If things are really bad, you may end up wading through liblxc. With --debug, stacker will also try and render any liblxc ERRORs to stdout, but sometimes it can be useful to see a full liblxc trace log. This is available in $(--stacker-dir)/lxc.log for the last run.

If you get even more in the weeds, you may need to build your own liblxc with debug statements. Thankfully, everything is statically linked so this is fairly easy to test locally, as long as your host liblxc can build stacker:

make LXC_CLONE_URL=https://github.com/tych0/lxc LXC_BRANCH=my-debug-branch

Stacker links against this through a convoluted mechanism: it builds a static C program in /cmd/lxc-wrapper/ that takes a few relevant arguments about what mode to drive liblxc in. Stacker uses the go-embed mechanism to embed the resulting statically linked binary, and then resolves and execs it at runtime via the code in /embed-exec. The reason for all this indirection vs. linking against something directly is that the kernel does not allow multithreaded programs to unshare user namespaces. Since the go runtime spawns many threads for GC and various other tasks, go code cannot directly unshare a user namespace (one wonders, then, why this was the language chosen for runc, lxd, etc...). A previous implementation (the one in lxd) was to use some __attribute__((constructor)) nonsense and hope for the best, but it doesn't work in all cases, and go-embed allows for librar-ization of stacker code if someone else wants to use it eventually. See 8fa336834f31 ("container: move to go-embed for re-exec of C code") for details on that approach.

Overlay storage layout

The storage parent directory is whatever is specified to stacker via --roots-dir. Each layer is extracted into a sha256_$hash/overlay directory, which is then sewn together via overlayfs. At the top level, for a layer called foo, there are two directories: foo/rootfs, and foo/overlay. During the build, foo's rootfs is mounted inside the container as foo/rootfs, with the overlay upperdir=foo/overlay. This way, whatever filesystem mutations the foo layer's run: section performs end up in foo/overlay.

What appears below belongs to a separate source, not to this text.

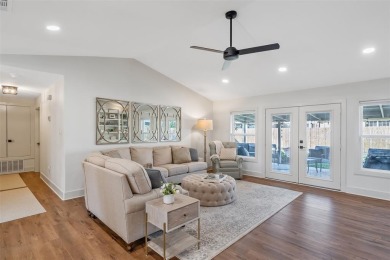 Discover the ultimate blend of luxury and leisure in the gated on Emerald Bay Club in Texas - for sale on GolfHomes.com, golf home, golf lot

After the run: section, stacker generates whatever layers the user requested from this, creates sha256_$hash/overlay dirs with the contents (if two layer types were converted, then the hash of the squashfs output will just be a symlink to the tar layer's directory to save space), and foo/overlay_metadata.json will be updated to reflect these new outputs, for use when e.g. foo is a dependency of some other layer bar.

Note that there is currently one wart. In a stacker file like:

foo:
  from:
    type: docker
    url: docker://ubuntu:latest
  build_only: true
  run: |
    dd if=/dev/random of=/bigfile bs=1M count=1000
bar:
  from:
    type: built
    tag: foo
  run: |
    rm /bigfile

The final image for bar will actually contain a layer with /bigfile in it, because the foo layer's mutations are generated independently of bar's. Some clever userspace overlay collapsing could be done here to remove this wart, though.


Last update: December 15, 2022